RECORDED INFORMATION:
>>>>>
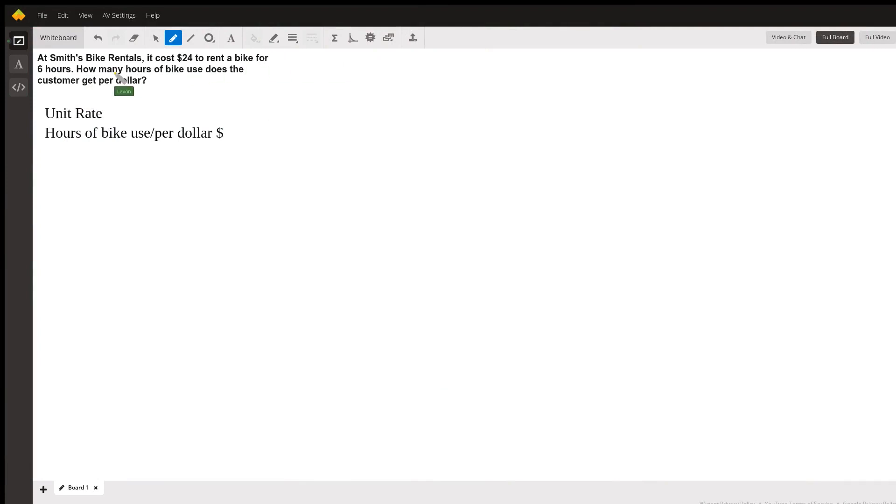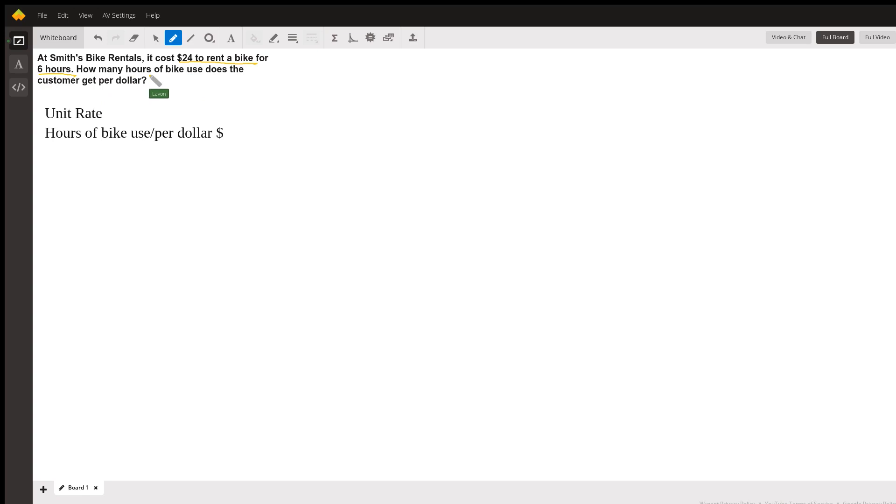Today we're faced with a problem at Smith's Bike Rental. It costs $24 to rent a bike for six hours. How many hours of bike use does the customer get per dollar? So this is a unit rate problem where we're talking about the hours of bike use per dollar.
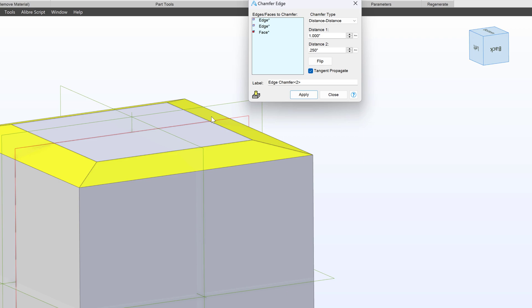So that is Fillet and Chamfer, ways to directly edit the model without the need of sketching. And that's how we use the Fillet and Chamfer tools. Let's put them to good use in the next model. See you then.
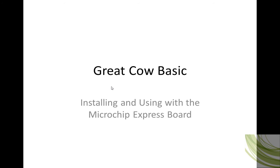Hi, welcome to a Great Cow Basic tutorial. I'm just going to take 5 or 10 minutes, no, even 7 minutes max, just walking you through installing and using the Microchip Express Board.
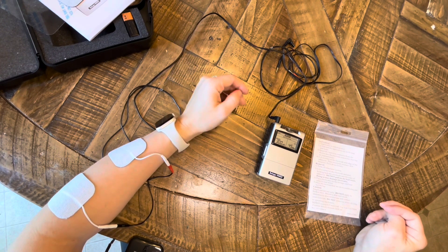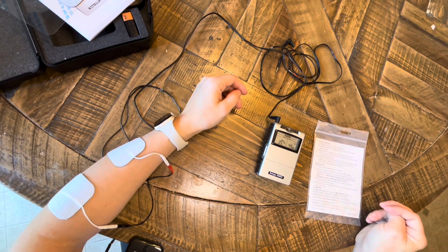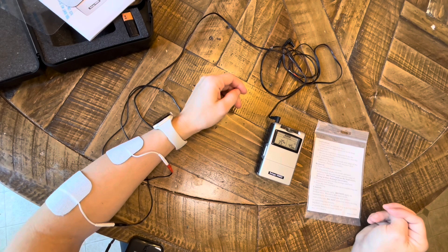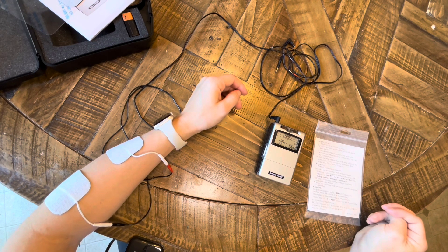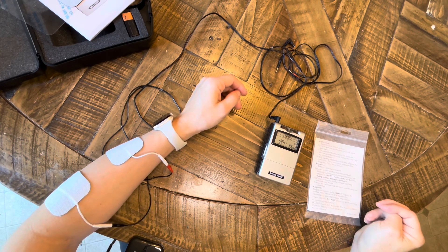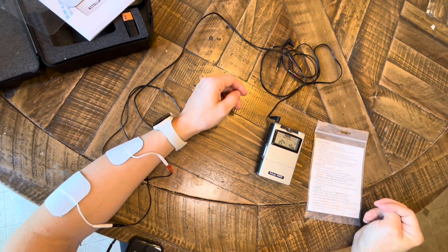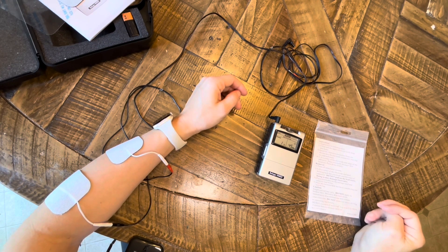So as you can see I'm getting pretty good finger extension, so it's right where I want that amplitude to be.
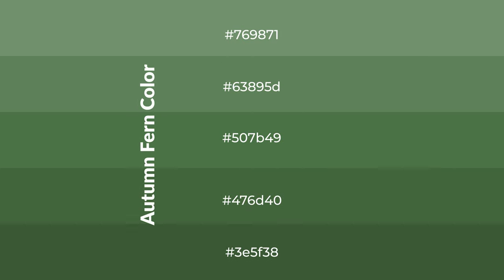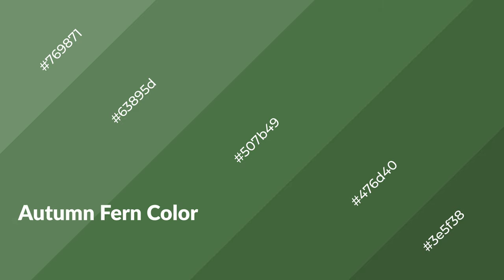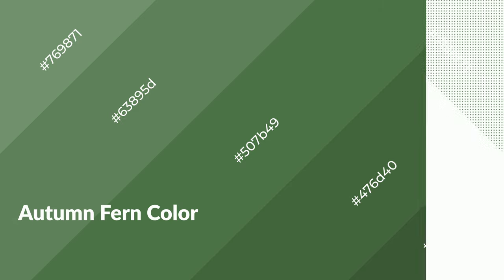To generate shades of a color, we add black to the color, and it is used in patterns, 3D effects, layers. Shades create depth and drama. Autumn fern is a cool color and it emits calming, serene, soothing, refreshing emotions.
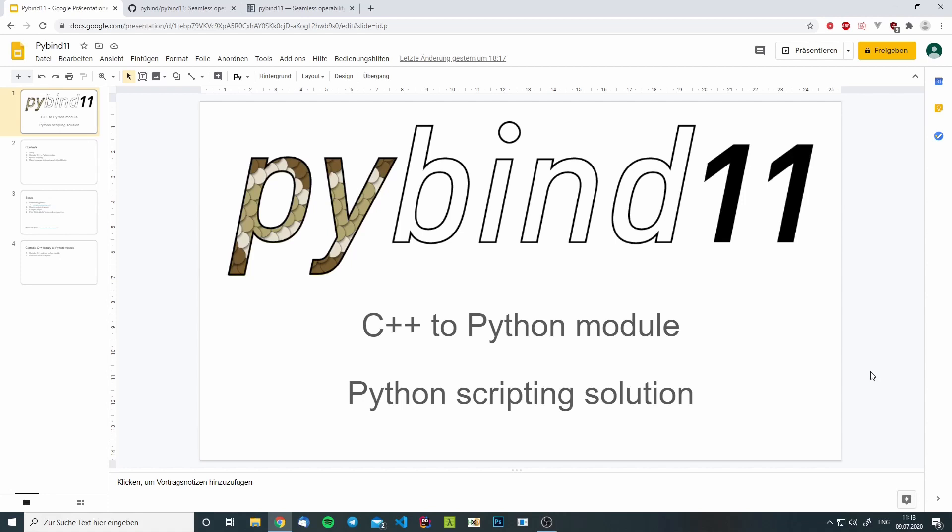Hey and welcome. I will show you how you can compile a C++ library to a Python module, import it into your Python program and use it.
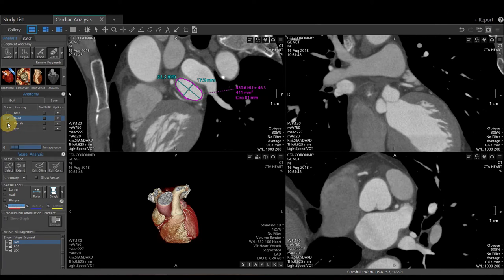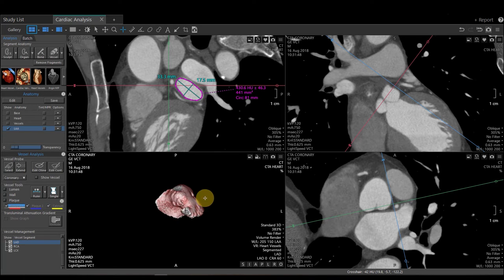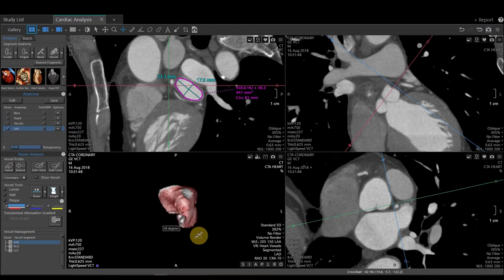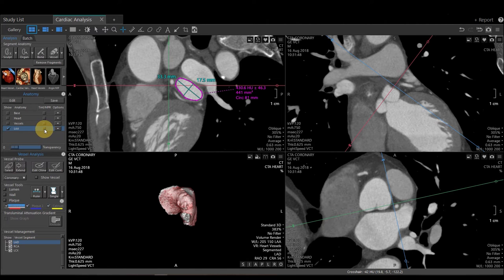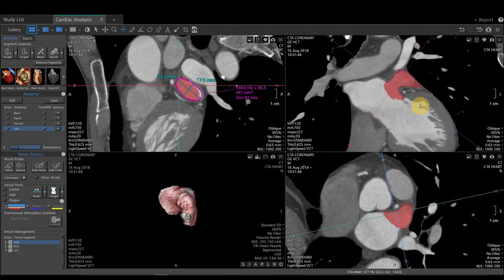If I just want to display that, I'm going to turn off heart and vessels. I'll zoom this in so we can see it a little bit better and we can see our atrial appendage. One tool I like to utilize to make sure I have everything included is next to my left atrial appendage folder — there is a tint NPR function. I'm going to click that to turn that on. That's going to turn my left atrial appendage this pinkish red color.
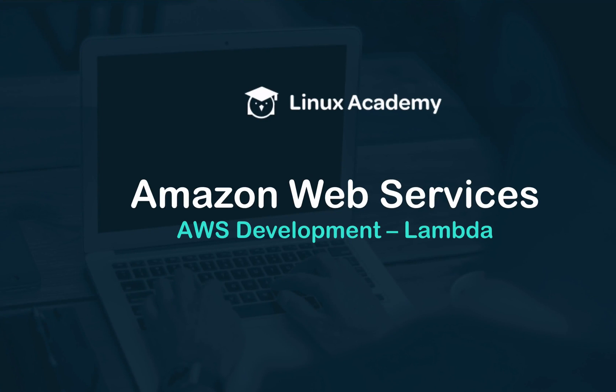Welcome, and in this lesson we're going to talk about Amazon Web Services Lambda. More specifically, we're going to cover core concepts we need to understand before moving on to hands-on topics.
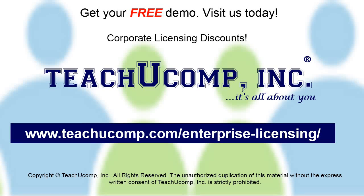Need computer training for a group or office? Contact us today to get a free demo of our training at www.teachyucomp.com/enterprise-licensing.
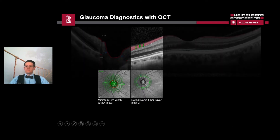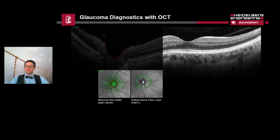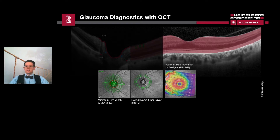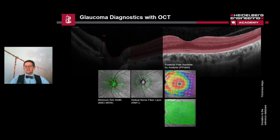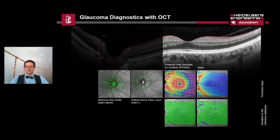A BMO-centered OCT scan of the RNFL is taken in a circular pattern, as visualized by the green circles. To calculate retinal thickness and asymmetry, a single posterior pole volume scan comprised of 61 OCT scan lines (B-scans) is taken across the macula and segmented into individual retinal layers. From these segmented layers we can get a thickness map for each individual layer, as well as a deviation map for the RNFL and the GCL.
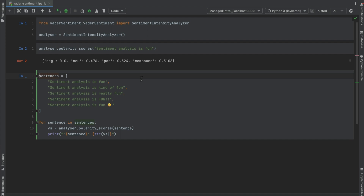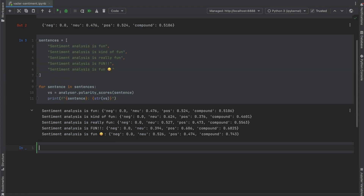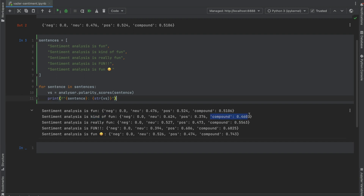Let's now have a look at how the context of the word 'fun' changes the sentiment of the sentences. In this second sentence, we've added 'kind of' in front of 'fun', which has slightly reduced how positive the sentiment is. In contrast, adding 'really' slightly increases how positive the sentiment is. And then finally, adding things like capitalization, exclamation marks, and this fun little smiley face drastically increases how positive the sentiment is.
<<<<<
ACTION ITEM:
Above are records; write out the lines from the one with "If I just want" down to the one with "Welcome, and in", exactly, leaving the pictures out.

WRITTEN SOLUTION:
If I just want to display that, I'm going to turn off heart and vessels. I'll zoom this in so we can see it a little bit better and we can see our atrial appendage. One tool I like to utilize to make sure I have everything included is next to my left atrial appendage folder — there is a tint NPR function. I'm going to click that to turn that on. That's going to turn my left atrial appendage this pinkish red color.
Welcome, and in this lesson we're going to talk about Amazon Web Services Lambda. More specifically, we're going to cover core concepts we need to understand before moving on to hands-on topics.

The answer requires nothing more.